Wednesday, April 15, 2009

Legal Web Content: Keep it Specific

For whatever reason, I see the a lot of same content on almost every lawyer website, blog, article, profile, etc... It always a very general, SEO (keyword) focused mass of text, attempting to cast as wide a net as possible in hopes of getting traffic from a wide array of higher volume, general keywords.

While this approach does get traffic, the wide net catches a lot of searches that are not really the kind of visitors you want. And if there are some potential clients (Someone researching for a lawyer) viewing your page, they've probably seen the same thing on ten other sites. So how do you set your content apart?

How about a narrow net approach? Instead of writing one or two pages of very generalized, faux-comprehensive content, why not write ten shorter, highly focused pages on the types of cases that are most valuable to you? Include one or two example cases in there as well.

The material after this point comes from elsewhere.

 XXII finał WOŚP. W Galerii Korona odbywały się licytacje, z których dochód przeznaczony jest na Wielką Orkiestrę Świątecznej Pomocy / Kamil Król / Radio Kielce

There are three benefits to this approach:

1. You focus the type of traffic your content drives, to those people interested in your most valuable types of cases.

2. You can potentially drive a lot more traffic from search engines, because you will have (a) more content, and (b) more unique content. Everyone knows, search engines love unique content.

3. Finally, and most importantly, the visitors to your page are more likely to convert into a client if they find that you have experience with their particular problem. Especially when they read your example success case(s).

So whether it's your website, blog or experthub contribution, write a lot of unique, specific articles and get the traffic you really want.